What is expected: From the entries below, reproduce exactly the line containing "Adidas Originals Gazelle", the line containing "Giant Flames puupelletit", and every line in between, with nothing added.

*** Supplied data ***

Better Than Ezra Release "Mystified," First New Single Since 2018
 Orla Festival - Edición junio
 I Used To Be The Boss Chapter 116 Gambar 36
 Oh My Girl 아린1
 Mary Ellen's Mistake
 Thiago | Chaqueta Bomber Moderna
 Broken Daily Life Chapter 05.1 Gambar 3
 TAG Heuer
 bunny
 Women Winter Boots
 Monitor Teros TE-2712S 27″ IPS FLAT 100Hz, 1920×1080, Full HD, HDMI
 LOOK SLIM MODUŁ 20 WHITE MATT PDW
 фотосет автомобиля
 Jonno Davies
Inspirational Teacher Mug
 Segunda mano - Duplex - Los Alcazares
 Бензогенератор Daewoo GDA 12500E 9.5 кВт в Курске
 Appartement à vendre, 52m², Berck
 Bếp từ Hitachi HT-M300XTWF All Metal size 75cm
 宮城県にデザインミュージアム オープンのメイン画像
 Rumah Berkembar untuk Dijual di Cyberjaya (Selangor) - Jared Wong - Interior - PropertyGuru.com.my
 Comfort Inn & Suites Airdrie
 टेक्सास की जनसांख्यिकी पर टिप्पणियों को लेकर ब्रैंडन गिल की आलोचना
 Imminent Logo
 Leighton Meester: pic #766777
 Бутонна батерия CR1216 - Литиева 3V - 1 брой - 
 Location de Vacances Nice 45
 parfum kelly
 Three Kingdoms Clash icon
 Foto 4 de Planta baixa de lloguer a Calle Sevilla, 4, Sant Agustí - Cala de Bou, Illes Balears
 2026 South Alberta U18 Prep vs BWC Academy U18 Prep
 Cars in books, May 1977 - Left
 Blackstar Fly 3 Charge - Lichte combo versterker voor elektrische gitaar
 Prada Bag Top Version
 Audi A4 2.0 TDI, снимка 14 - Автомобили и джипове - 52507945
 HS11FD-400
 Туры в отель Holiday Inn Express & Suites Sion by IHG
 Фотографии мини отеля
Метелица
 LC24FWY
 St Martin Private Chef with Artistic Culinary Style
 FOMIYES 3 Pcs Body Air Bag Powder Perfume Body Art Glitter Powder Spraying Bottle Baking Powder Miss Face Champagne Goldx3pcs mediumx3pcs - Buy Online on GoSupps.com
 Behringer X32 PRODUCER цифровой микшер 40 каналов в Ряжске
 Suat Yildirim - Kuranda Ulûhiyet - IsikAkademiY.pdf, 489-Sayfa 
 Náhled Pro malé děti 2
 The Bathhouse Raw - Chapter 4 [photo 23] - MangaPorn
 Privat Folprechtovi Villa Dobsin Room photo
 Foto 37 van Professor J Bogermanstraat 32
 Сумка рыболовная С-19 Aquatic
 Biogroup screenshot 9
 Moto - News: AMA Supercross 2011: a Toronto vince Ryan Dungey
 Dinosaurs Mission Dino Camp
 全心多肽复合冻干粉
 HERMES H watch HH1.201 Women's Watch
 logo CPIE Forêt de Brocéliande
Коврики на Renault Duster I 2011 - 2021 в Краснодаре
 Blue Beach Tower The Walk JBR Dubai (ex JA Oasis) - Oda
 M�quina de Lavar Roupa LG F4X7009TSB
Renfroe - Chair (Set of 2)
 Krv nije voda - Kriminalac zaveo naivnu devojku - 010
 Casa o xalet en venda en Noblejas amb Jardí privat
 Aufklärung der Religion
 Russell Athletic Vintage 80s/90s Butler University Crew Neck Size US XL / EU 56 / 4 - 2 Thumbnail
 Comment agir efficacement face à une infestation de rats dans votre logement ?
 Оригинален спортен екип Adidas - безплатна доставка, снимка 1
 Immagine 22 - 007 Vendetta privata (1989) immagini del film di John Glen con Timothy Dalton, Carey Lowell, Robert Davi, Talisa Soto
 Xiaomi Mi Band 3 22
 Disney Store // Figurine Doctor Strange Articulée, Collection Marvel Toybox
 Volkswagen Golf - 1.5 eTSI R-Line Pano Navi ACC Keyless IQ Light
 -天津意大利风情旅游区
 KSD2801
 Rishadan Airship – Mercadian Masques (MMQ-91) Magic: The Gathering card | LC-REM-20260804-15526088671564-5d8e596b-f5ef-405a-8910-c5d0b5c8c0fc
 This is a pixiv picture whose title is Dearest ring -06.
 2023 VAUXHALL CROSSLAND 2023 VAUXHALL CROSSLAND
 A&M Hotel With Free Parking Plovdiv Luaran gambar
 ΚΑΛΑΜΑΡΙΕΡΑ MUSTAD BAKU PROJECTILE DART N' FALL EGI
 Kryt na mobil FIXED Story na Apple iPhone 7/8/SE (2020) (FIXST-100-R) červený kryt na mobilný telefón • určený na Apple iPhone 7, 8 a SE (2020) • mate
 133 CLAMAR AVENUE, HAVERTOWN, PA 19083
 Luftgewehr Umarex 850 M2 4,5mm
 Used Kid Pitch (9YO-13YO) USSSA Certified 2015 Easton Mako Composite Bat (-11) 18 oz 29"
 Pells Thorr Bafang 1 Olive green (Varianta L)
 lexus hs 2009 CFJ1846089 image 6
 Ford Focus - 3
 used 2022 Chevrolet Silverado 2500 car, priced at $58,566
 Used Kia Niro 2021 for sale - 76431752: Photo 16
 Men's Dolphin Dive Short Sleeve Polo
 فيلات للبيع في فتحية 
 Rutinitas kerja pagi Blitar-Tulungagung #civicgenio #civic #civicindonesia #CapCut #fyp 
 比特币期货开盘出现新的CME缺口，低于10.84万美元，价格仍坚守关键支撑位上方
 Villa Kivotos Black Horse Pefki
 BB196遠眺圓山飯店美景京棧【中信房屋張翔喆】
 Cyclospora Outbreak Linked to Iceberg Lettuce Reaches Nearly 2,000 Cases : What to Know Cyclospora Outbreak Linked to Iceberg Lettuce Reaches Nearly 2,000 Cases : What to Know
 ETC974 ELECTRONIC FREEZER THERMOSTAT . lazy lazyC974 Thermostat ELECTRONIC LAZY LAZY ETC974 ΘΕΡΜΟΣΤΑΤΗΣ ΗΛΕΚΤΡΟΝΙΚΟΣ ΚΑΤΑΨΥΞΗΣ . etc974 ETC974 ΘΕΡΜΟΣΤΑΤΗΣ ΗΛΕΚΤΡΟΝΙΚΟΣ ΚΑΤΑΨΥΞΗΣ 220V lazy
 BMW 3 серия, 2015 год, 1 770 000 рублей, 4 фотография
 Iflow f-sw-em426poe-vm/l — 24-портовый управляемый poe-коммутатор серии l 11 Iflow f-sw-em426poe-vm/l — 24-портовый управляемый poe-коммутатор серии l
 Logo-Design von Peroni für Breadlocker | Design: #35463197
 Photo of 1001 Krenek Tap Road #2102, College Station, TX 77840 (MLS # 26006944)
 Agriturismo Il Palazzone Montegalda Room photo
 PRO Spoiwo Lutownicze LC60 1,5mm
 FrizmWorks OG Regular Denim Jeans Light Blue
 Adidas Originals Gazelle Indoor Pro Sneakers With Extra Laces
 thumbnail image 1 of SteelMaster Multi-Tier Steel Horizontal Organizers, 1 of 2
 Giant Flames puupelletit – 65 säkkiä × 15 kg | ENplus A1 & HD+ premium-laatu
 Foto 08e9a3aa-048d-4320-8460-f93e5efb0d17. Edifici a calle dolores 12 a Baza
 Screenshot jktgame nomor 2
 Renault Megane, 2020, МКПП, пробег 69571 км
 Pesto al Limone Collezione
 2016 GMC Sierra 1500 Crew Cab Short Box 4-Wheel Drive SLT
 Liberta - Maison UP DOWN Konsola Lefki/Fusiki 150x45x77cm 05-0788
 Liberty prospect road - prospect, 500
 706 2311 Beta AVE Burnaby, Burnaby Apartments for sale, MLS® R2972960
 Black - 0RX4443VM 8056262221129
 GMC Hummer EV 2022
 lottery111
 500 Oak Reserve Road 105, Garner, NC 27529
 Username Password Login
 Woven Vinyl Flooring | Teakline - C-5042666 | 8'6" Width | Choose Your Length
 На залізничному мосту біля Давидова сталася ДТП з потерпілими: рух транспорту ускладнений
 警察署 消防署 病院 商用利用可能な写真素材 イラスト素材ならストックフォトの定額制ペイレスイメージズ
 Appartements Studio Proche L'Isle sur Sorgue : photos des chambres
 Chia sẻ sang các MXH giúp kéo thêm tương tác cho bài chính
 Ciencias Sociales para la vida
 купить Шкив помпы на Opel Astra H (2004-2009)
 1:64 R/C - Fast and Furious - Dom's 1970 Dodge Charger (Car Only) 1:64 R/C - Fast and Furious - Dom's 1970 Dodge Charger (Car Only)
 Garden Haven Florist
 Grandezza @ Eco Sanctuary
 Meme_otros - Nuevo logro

***

Answer for the task:
 Adidas Originals Gazelle Indoor Pro Sneakers With Extra Laces
 thumbnail image 1 of SteelMaster Multi-Tier Steel Horizontal Organizers, 1 of 2
 Giant Flames puupelletit – 65 säkkiä × 15 kg | ENplus A1 & HD+ premium-laatu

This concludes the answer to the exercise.